PROBLEM DESCRIPTION - Every line below from the one with "2015 Subaru Crosstrek" through the one with "Sym Bromscooter Fiddle" is to be repeated exactly, with no picture among them.

EXERCISE MATERIALS -

··········

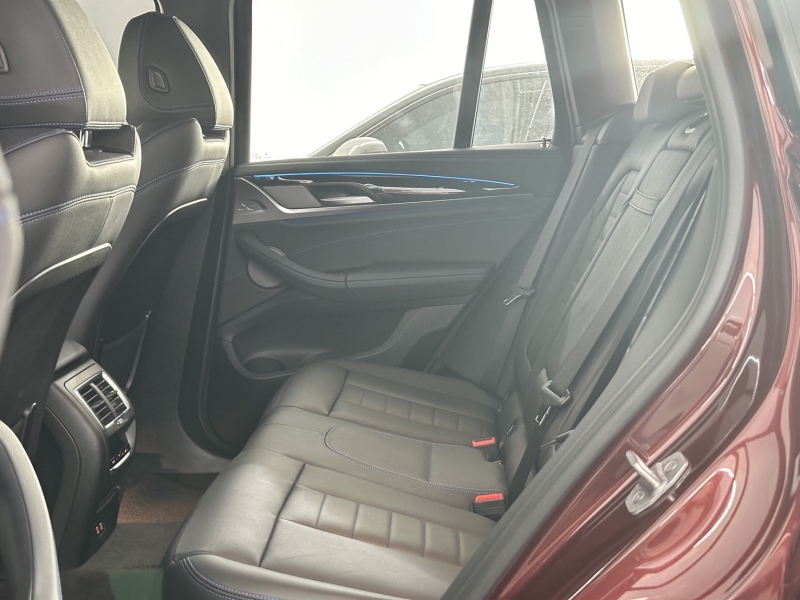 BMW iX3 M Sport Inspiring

··········

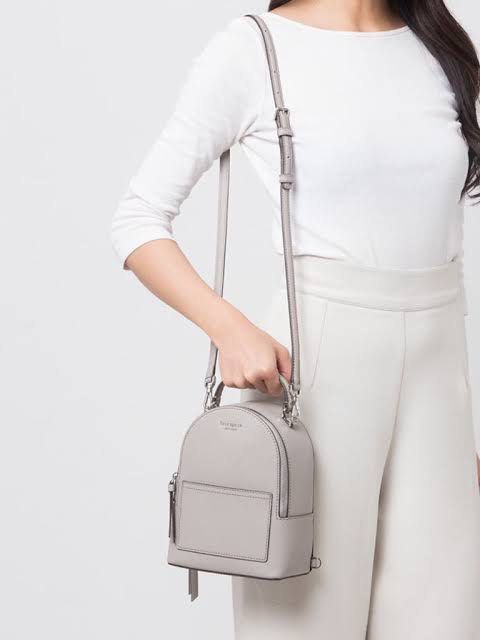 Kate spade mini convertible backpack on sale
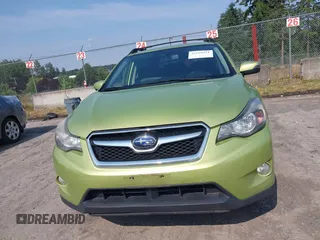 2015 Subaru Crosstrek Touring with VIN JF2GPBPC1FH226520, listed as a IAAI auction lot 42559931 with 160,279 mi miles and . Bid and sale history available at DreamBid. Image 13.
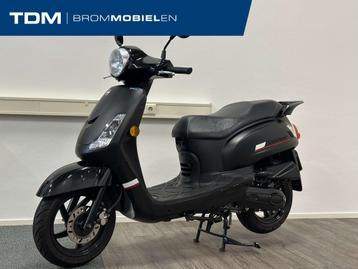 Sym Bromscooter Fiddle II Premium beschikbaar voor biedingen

··········

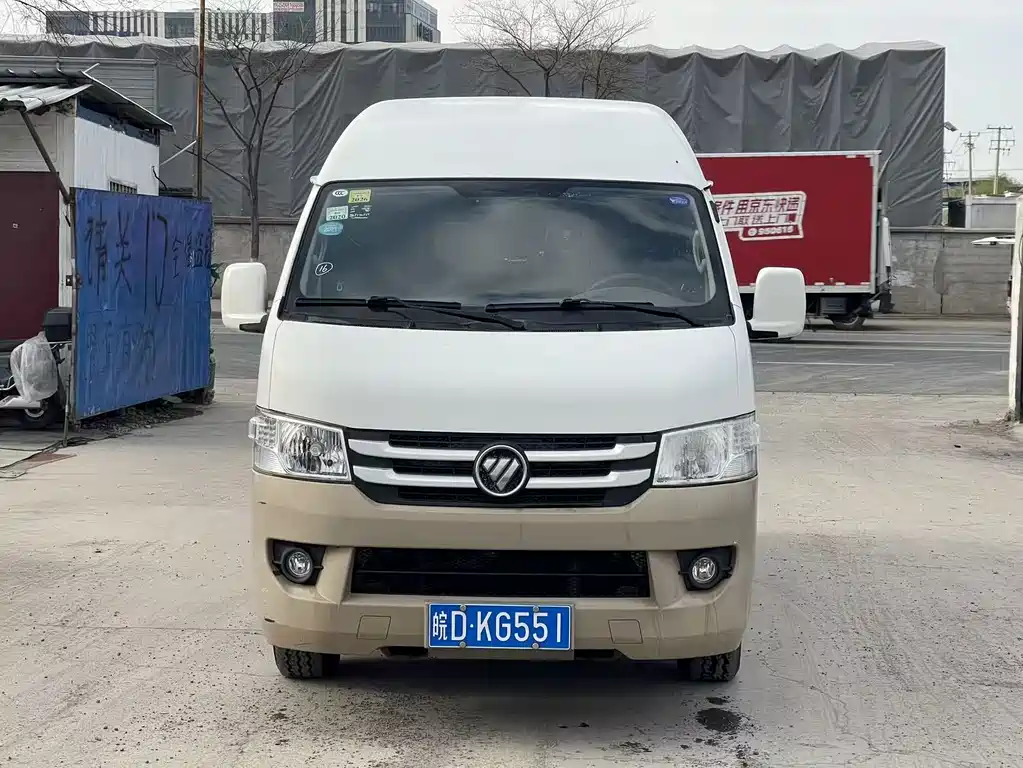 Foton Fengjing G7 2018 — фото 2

··········

OUTPUT OF THE TASK -
 2015 Subaru Crosstrek Touring with VIN JF2GPBPC1FH226520, listed as a IAAI auction lot 42559931 with 160,279 mi miles and . Bid and sale history available at DreamBid. Image 13.
 Sym Bromscooter Fiddle II Premium beschikbaar voor biedingen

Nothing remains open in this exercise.